Here's the Lang website  http://www.pigroast.com/index.html

Here's the Bubba Grills website  http://www.bubbagrills.net/


----------



## moondog13 (Mar 26, 2011)

I picked  up my Beam Smoker in Sept of 2010 for $2400.00 here is how it all worked out for me.

I sent trough Pay Pal $1200 for the down payment and $1200 when done,the builder said two weeks and it was two weeks.I had him make 8 racks instead of the 4 it came with and some extra changes he did everything he said he would,was easy to deal with and on time.

It was my first smoker so I have nothing to compare it to?  But I will say this "I beat the living daylights outta this smoker every day or every other day since Sept of 2010" smoking 280 Chicken wings per cycle there are days we do two loads.

It sits outside in the Rain and Snow and let me tell ya,Chicago gets COLD and ugly and the paint still looks good.

Note: just now I have noticed that the fire box is warping a little and the door closest to the fire box is not sealing like it did when I first picked it up (could it be the extreme change in Chicago weather combined from the heat from the fire I don't know ???) I just say like anything.. mark it up to wear and tear I abuse this thing daily like I cant tell you.

I installed heat distribution plates across the whole thing and this helped making the heat even ...it seemed like a whole new smoker.

I have always questioned the location of the fire box on THIS unit... it just seems like it could be a little lower? like its to even with the cooking area or..?? any thoughts please send them my way. (pic of smoker in my profile)

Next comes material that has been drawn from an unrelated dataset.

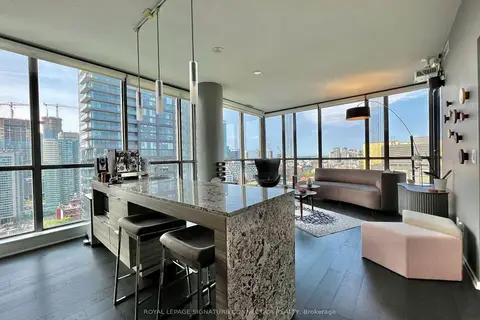8 Charlotte Street 2107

Chicago weather is changing here so I will start making alot of mods on it now that I understand the unit.I am sure the builder from Beam would have made the mods for me at that time if just I knew more about smokers when purchased it.

BOTTOM LINE.  would buy again from Beam... yes! 

They seem solid to me,you just gotta know what to tell him you want and need.


----------



## smokinhot25 (Apr 9, 2011)

﻿﻿
	

		
			
		

		
	







	

		
			
		

		
	
  Here is the pics I was talking about below, I wish I could warn the poor people on ebay that will be taken with this builder


----------



## smokinhot25 (Apr 9, 2011)

This is the beams custom smoker we just got delivered. And after getting screamed at when we called to complain, he just doesnt return calls now or hangs up on us. It showed up with rusted fenders and paint missing. Extremely poor pitted welds, a hole in the top of the smoker. If you notice the warming box pic you'll see light coming through on the bottom left. Its not welded in that corner at all. The electrical wiring is electrical taped to frame, there is NO DAMPERS in anyway to control heat. Just wide open holes with expanded metal over them. It showed up with no temperature guages, it has no handles on to racks, they left metal from cutouts in bottom of chamber. They left everything on bottom that makes it a propane tank, the plate they used on back to cap cooking chamber was never grinded down, is all sticking up and jagged, nothing as far as doors seal up to prevent heat loss, the cutouts are jagged and cut any old way. This smoker is the absolute worst I've ever owned. I wish I could warn the poor people on ebay that are buying these, they have no idea. Just look at the pics, Don't you want to rush right now and buy one. Please warn others about the poor work and attitude of Beams Custom Smokers. It also came with no temp gauges that we had to go buy at a local store. Mr Beam told us to go to hell when we called for the 3rd time for them. This smoker is impossible to cook on. No temp control, holes everywhere, leaks in all doors  ............      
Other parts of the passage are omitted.